#### Data

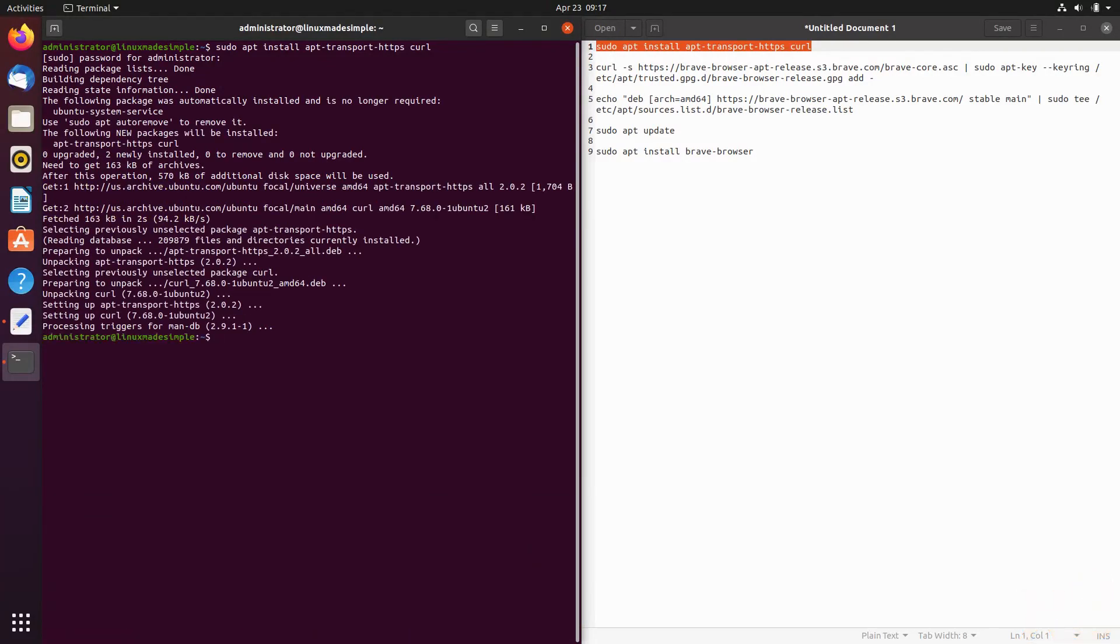With the second and third commands, we will add the Brave repositories and security keys to our system by pasting the two commands into our terminal, one after another.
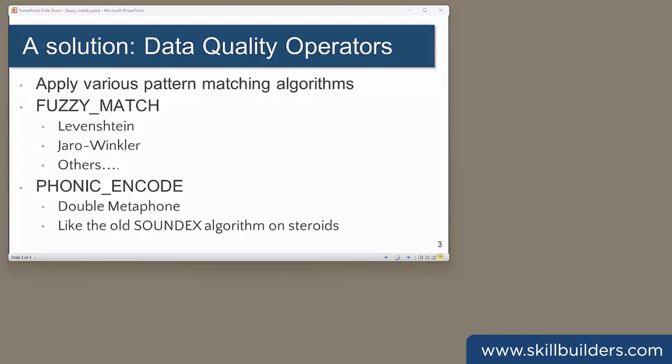The second data quality operator is Phonic Encode. This is based on pronunciation. The closer two strings are when spoken, the higher the score. I'll describe that one another day. So beginning with Fuzzy Match, let's look at a simple example of a problem and how it can help.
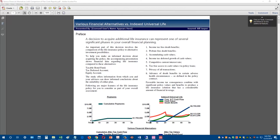Hi everybody, this is Don Prenn with Innsmark. I wanted to take a couple minutes and explain the new comparison of plan costs presentations that we've added in the Innsmark illustration system, which Bob was talking about in blog 184.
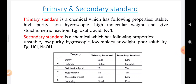For secondary standards, these are chemicals which are comparatively less stable than primary standards. They have low purity, are hygroscopic, have low molecular weight, and poor solubility. Examples include hydrochloric acid and NaOH.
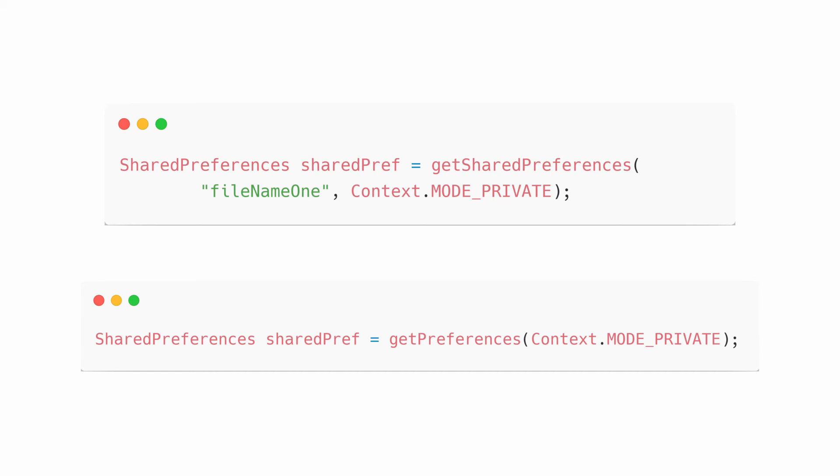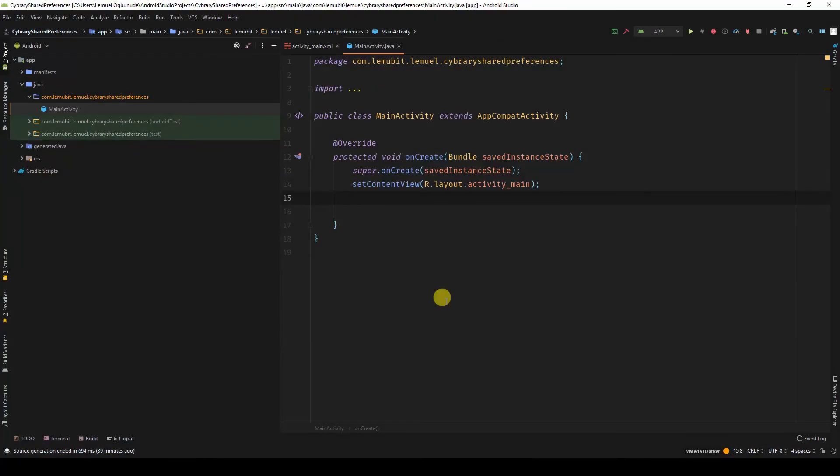Now, you can use shared preference for settings or little values that you want to store. In the next lesson, we will dive into the code and play with shared preferences a little. See you in the next lesson.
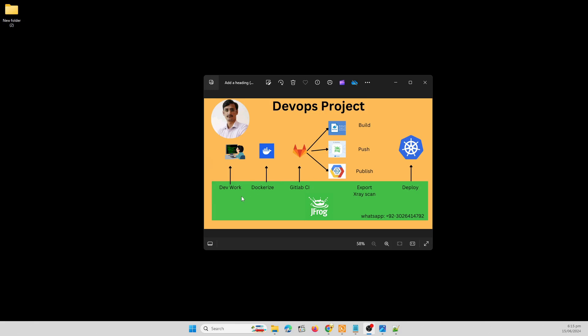Hi, I'm going to create a DevOps project from scratch where I'm using different tools and techniques to deploy our application over the Kubernetes cluster. First, we need to create a project in GitLab for source code management and CI pipeline.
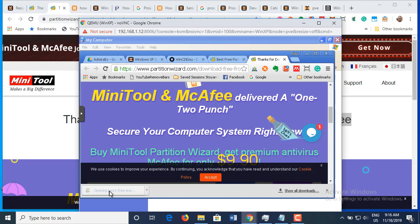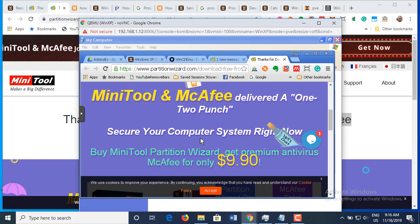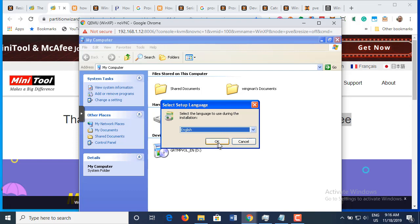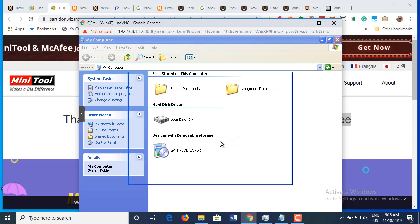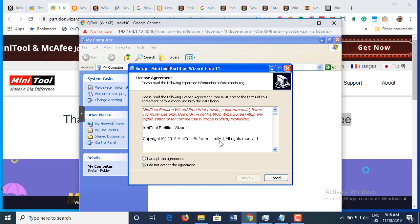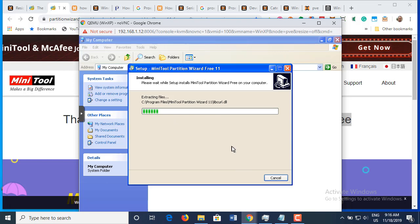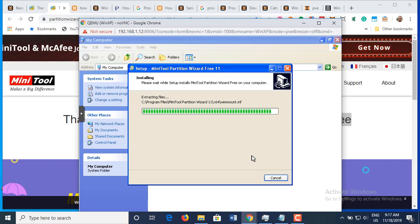Starting the installer immediately. Closing the browser, I don't need it anymore. Running the installer, accepting the home use license agreement, clicking through next, next, next — it's installed.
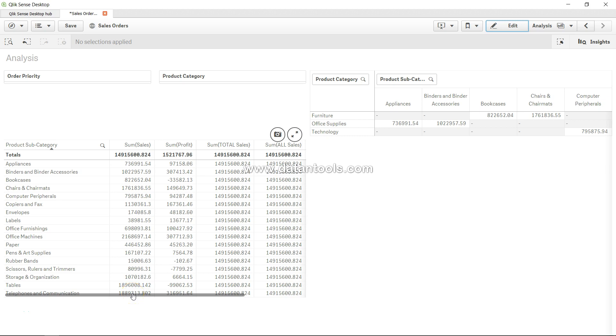Hey guys, welcome back to a new video. In this video I will show you the way by which you can find the distinct or unique values. Unique values is a regular requirement that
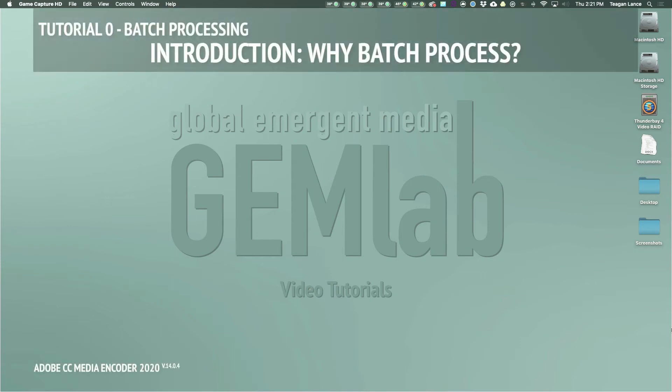Welcome to the Gemlabs video tutorials, where I'm going to give you some basic step-by-step guidance on the ins and outs of video editing so you can get started or get a refresher on something when you need it. This first segment is going to be about batch converting video files using Adobe's Media Encoder software.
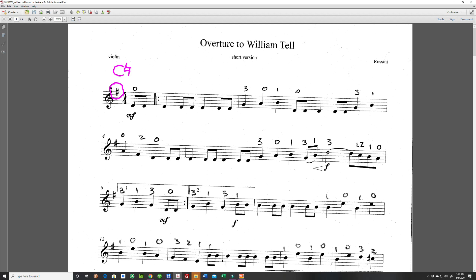Remember that C natural is the one next to two. So if we go down here, the first time we play that two it's going to be a low two — right next to the one.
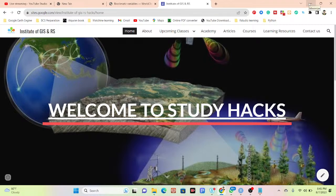Hello everyone, welcome to the SteadyHacks Institute of GIS and Remote Sensing. Today I will try to discuss a very important topic: bioclimatic variables, and how we can easily map them using RStudio.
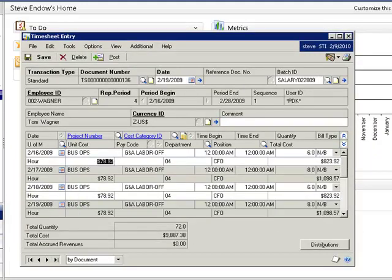And if we look at Tom's timesheet, notice that the $71 unit cost has been increased because he worked less than 80 hours for the period.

########

■ Description of the task
"Hi everybody, this" marks the first line to copy, and "Hi, I'm going" marks the last. Repeat that stretch above exactly, with no pictures.

■ Task output
Hi everybody, this is Don Prenn with Innsmark. I wanted to take a couple minutes and explain the new comparison of plan costs presentations that we've added in the Innsmark illustration system, which Bob was talking about in blog 184.
For secondary standards, these are chemicals which are comparatively less stable than primary standards. They have low purity, are hygroscopic, have low molecular weight, and poor solubility. Examples include hydrochloric acid and NaOH.
Now, you can use shared preference for settings or little values that you want to store. In the next lesson, we will dive into the code and play with shared preferences a little. See you in the next lesson.
Hi, I'm going to create a DevOps project from scratch where I'm using different tools and techniques to deploy our application over the Kubernetes cluster. First, we need to create a project in GitLab for source code management and CI pipeline.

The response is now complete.